(Directions): Could you set down the listing below exactly and omit its images?

• • • • • • •

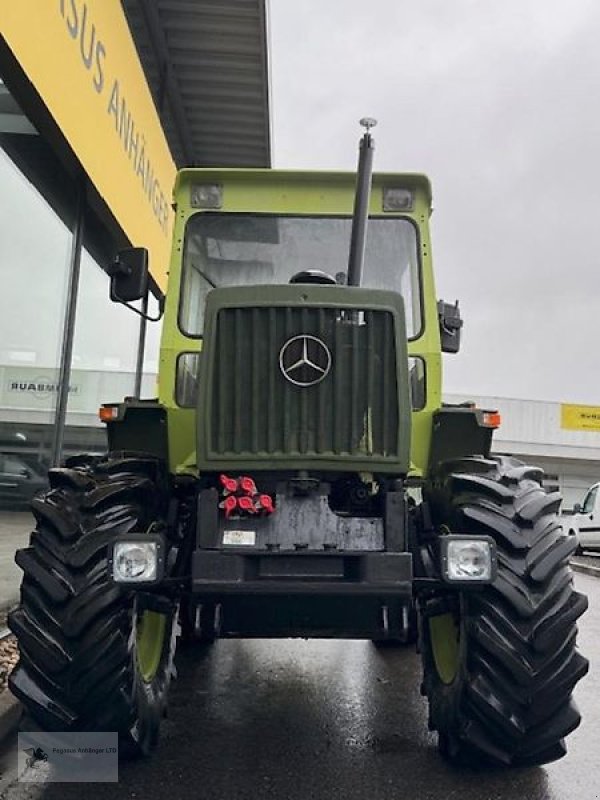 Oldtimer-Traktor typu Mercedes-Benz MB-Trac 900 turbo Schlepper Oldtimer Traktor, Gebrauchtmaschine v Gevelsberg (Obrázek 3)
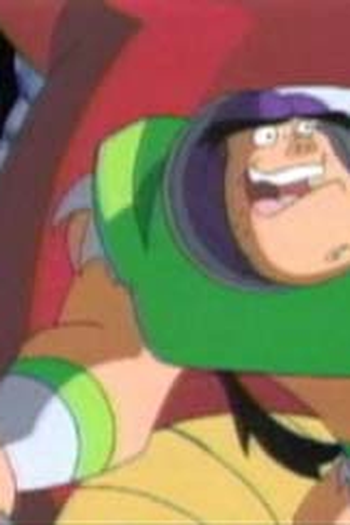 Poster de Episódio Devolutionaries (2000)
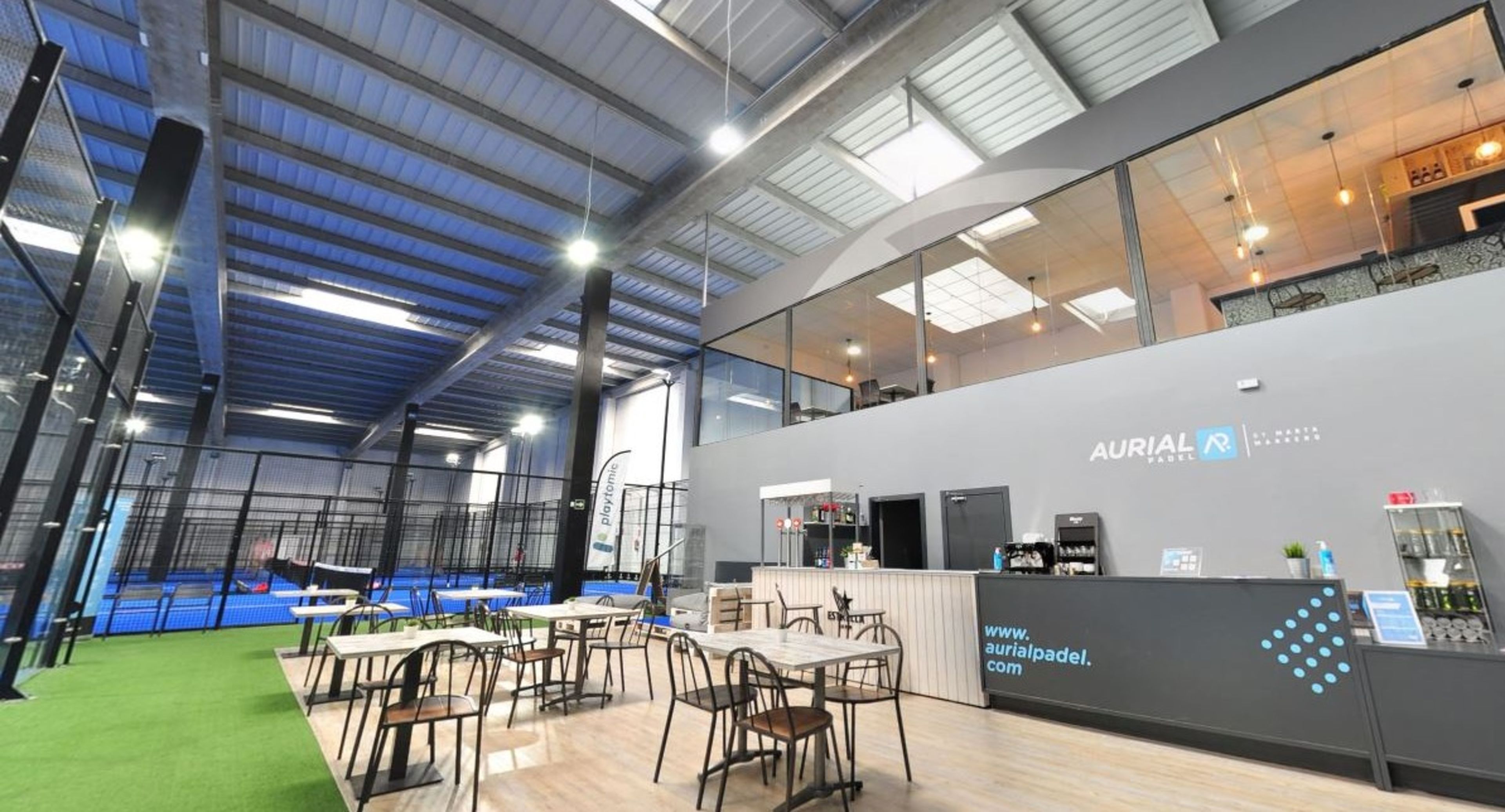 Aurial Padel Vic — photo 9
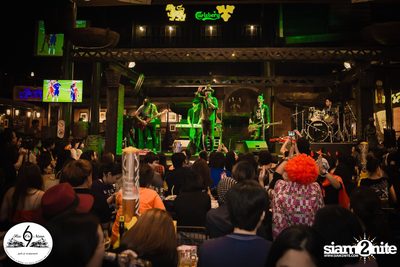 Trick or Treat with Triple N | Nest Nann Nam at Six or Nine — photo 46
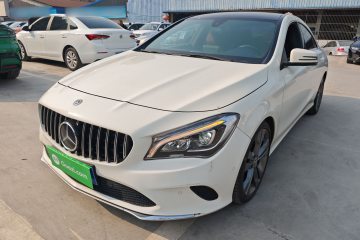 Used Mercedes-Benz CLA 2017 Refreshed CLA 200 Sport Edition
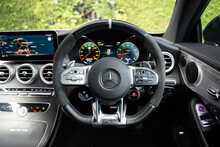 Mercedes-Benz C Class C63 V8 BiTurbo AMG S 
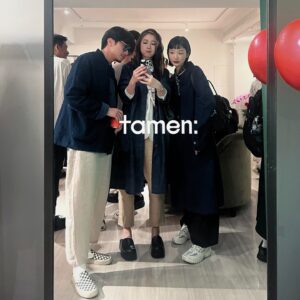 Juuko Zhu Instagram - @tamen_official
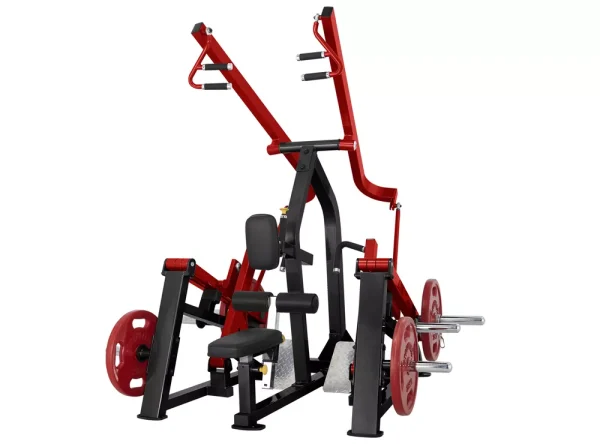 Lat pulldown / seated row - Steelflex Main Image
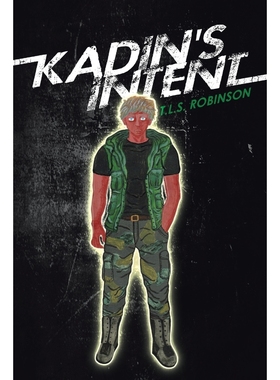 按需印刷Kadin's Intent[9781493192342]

• • • • • • •

(Reply):
 Oldtimer-Traktor typu Mercedes-Benz MB-Trac 900 turbo Schlepper Oldtimer Traktor, Gebrauchtmaschine v Gevelsberg (Obrázek 3)
 Poster de Episódio Devolutionaries (2000)
 Aurial Padel Vic — photo 9
 Trick or Treat with Triple N | Nest Nann Nam at Six or Nine — photo 46
 Used Mercedes-Benz CLA 2017 Refreshed CLA 200 Sport Edition
 Mercedes-Benz C Class C63 V8 BiTurbo AMG S 
 Juuko Zhu Instagram - @tamen_official
 Lat pulldown / seated row - Steelflex Main Image
 按需印刷Kadin's Intent[9781493192342]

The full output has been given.